According to the firm's second annual Hedge Fund Compensation Survey (Asia 2013), base salaries for hedge fund staff are starting to be adjusted.
"In both 2012 and 2013, 40% of respondents reported increases in base salaries, indicating an upward trend. The rises are skewed in favor of junior analysts and execution traders whose salaries have been worst affected over the past few years."
Some 37% of respondents reported increases in their 2012 bonus, compared to only 26% in 2011. Even more hedge fund employees expect larger bonuses for 2013 – 48% of respondents expect an increase in 2013, up from 45% last year, and more significantly, only 11% expect their bonuses to shrink, down from almost a quarter one year ago.
The firm says that the high levels of unemployment in the industry are slowly disappearing as people find jobs or move to other industries.
"Employers are finding that they hold less sway over the market than they did just a year ago.
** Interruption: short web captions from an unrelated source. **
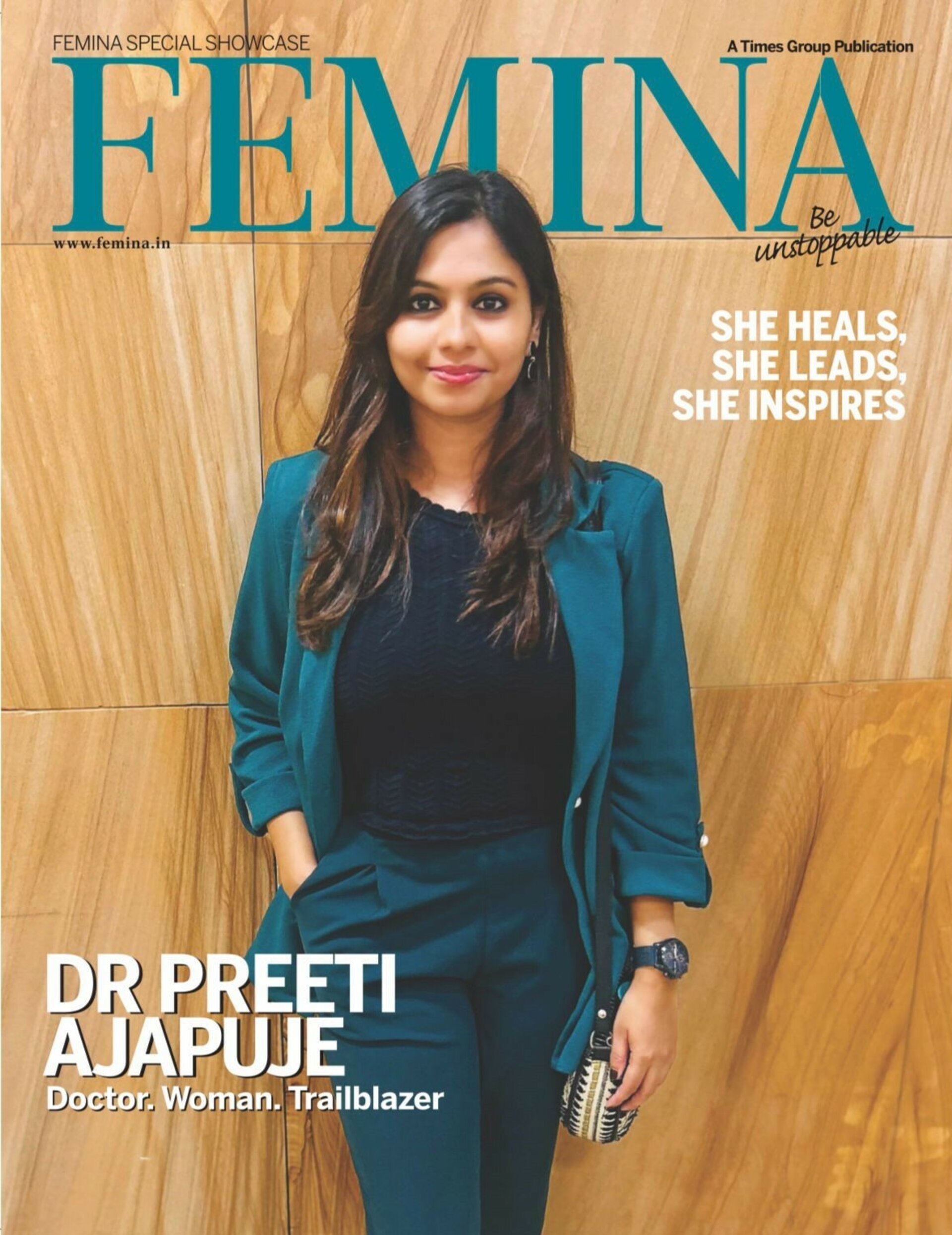 Dr. Preeti Ajapuje Featured in Femina Unstoppable by Times Group
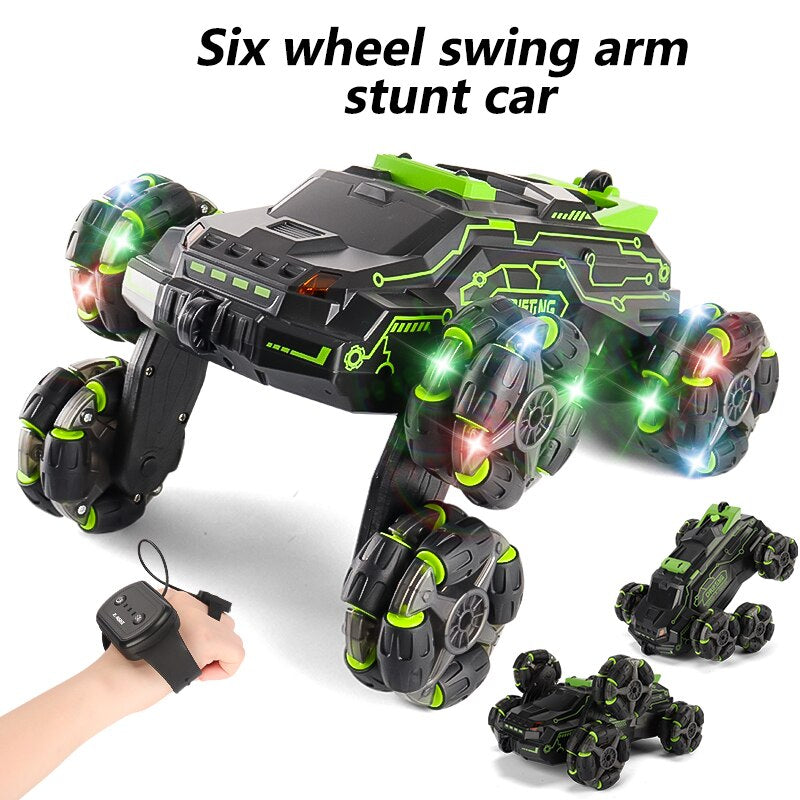 Automobil s daljinskim upravljanjem i upravljanjem gestama, 6 kotača, transformabilan, Stunt Car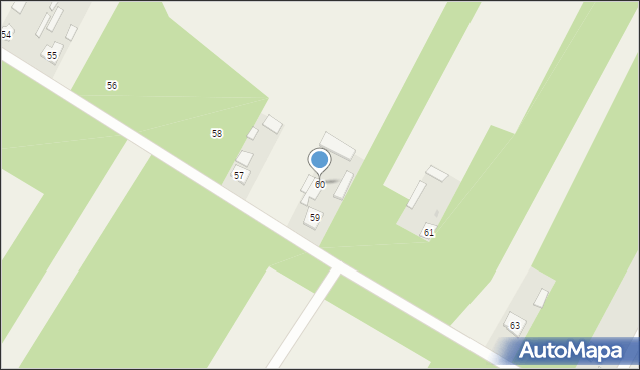 Maciejowice, Maciejowice, 60, mapa Maciejowice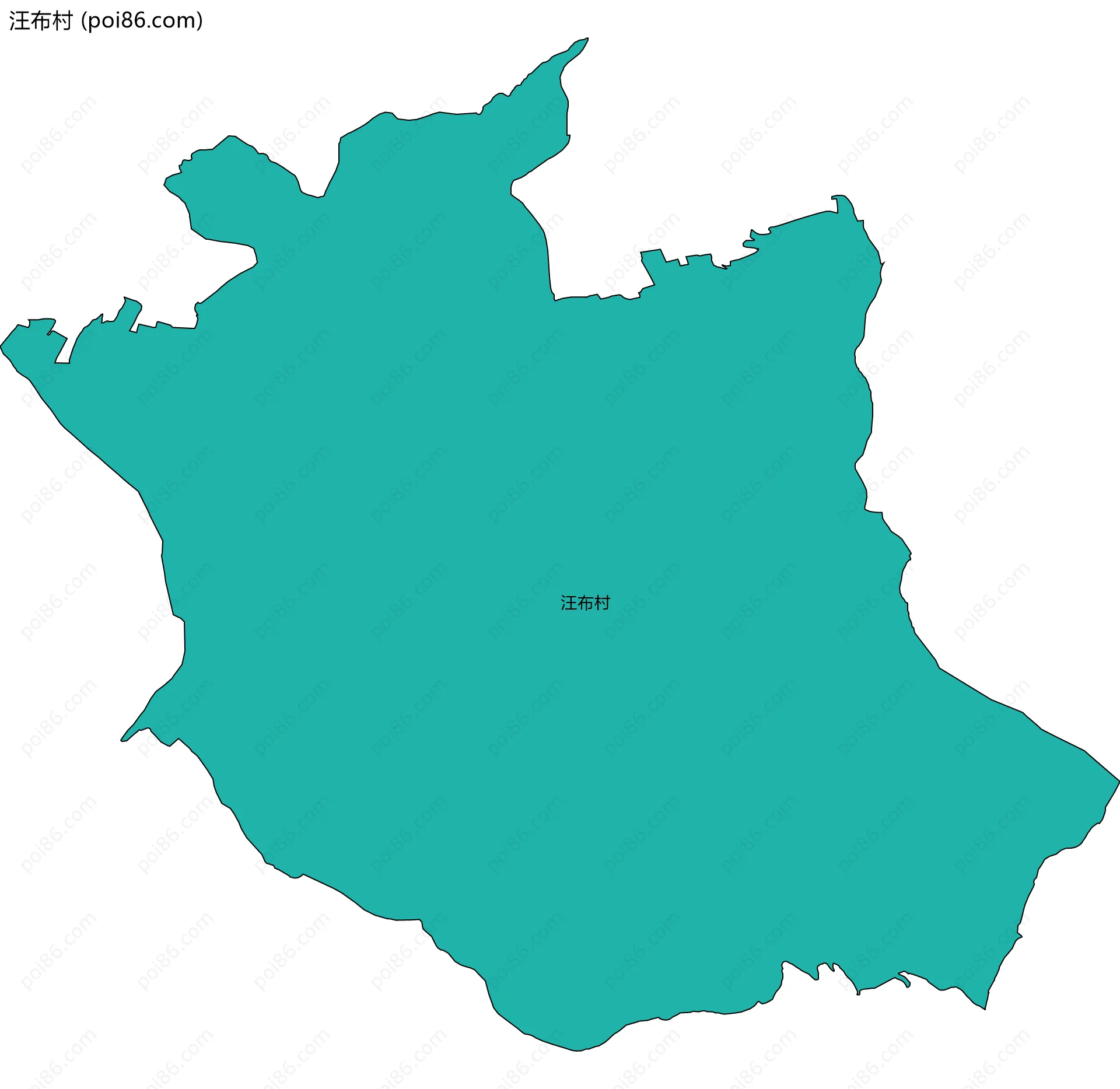 汪布村边界地图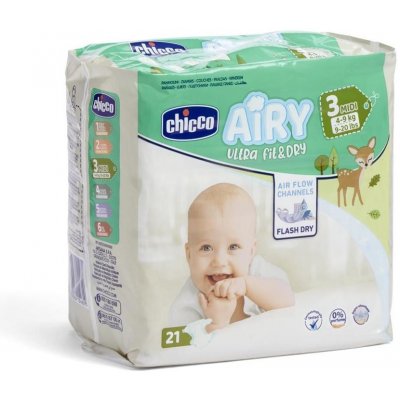 CHICCO Airy 3 Midi 4-9 kg 21 ks – Zbozi.Blesk.cz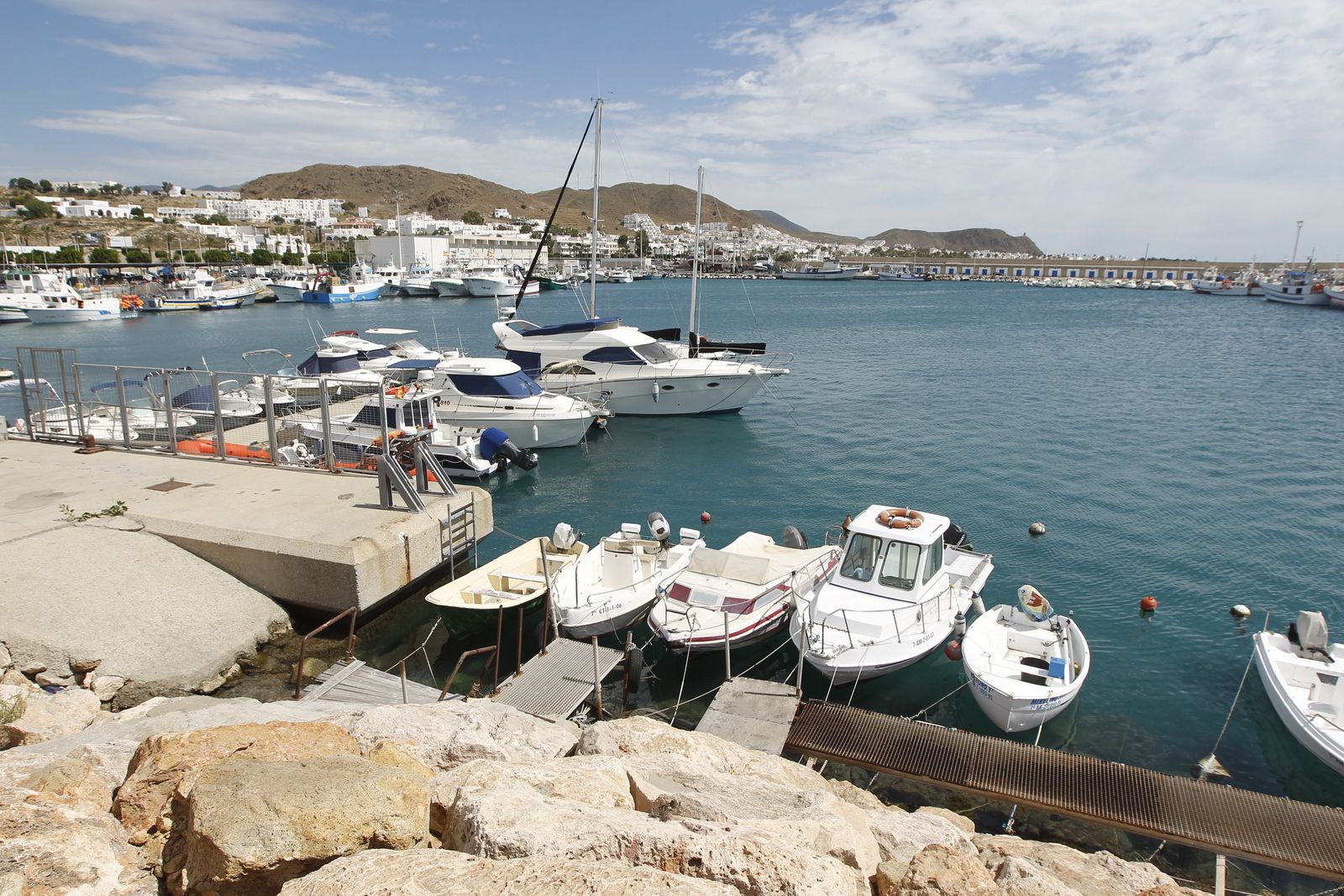 Fotogalería protestas pescadores de Carboneras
Although the market is still employer-led, it is rapidly approaching a balance. About 50% of respondents reported that their funds are looking for staff, with 10% actively hiring and 40% taking an opportunistic approach."
The South China Morning Post says that Abu Dhabi broker ADS Securities, the biggest foreign-exchange broker in the Middle East, is looking for a partner in China so that it can gain access to the new energy-trading platform in the Shanghai Free Trade Zone, as part of its efforts to expand in Asia.
ADS, which opened an office in Hong Kong a month ago, is looking to hire 30 staff in the city next year to make it a regional hub in Asia, as it gears up in the yuan foreign-exchange and commodities trading markets.
The Motley Fool says that Singapore banks OCB, DBS and UOB were among the very few that came through the GFC basically unscathed.
"(For) OCB, the financial crisis might even have been seen as an inconsequential blip. That’s because it was the only local bank that managed to maintain its dividends through the crisis."
DBS and UOB alsomanaged the crisis admirably as well, with only slight dips in dividends of 4.4% and 2.3% respectively for the two banks from 2007 to 2008.
Bitcoin's days may well be numbered. Numerous new outlets, including NBC, are reporting that the price has lost half the value reached in late November, thanks to reports that the People's Bank of China (PBoC) has ordered third-party payment providers to stop using the virtual currency.
Bloomberg says that Citigroup is planning to keep this year's bonuses on par with those paid in 2012, or even reduce them. Investment bankers could receive payouts that are close to flat compared to last year while traders and salespeople could get cuts of 2% according to anonymous sources.
The Year of the Horse is likely to see a record level of IPOs in China, according to China Daily Online.
The website, quoting a report from Ernst & Young, says 2014 will be a record year in China and globally, with economic fundamentals and strong global liquidity fuelling new listings.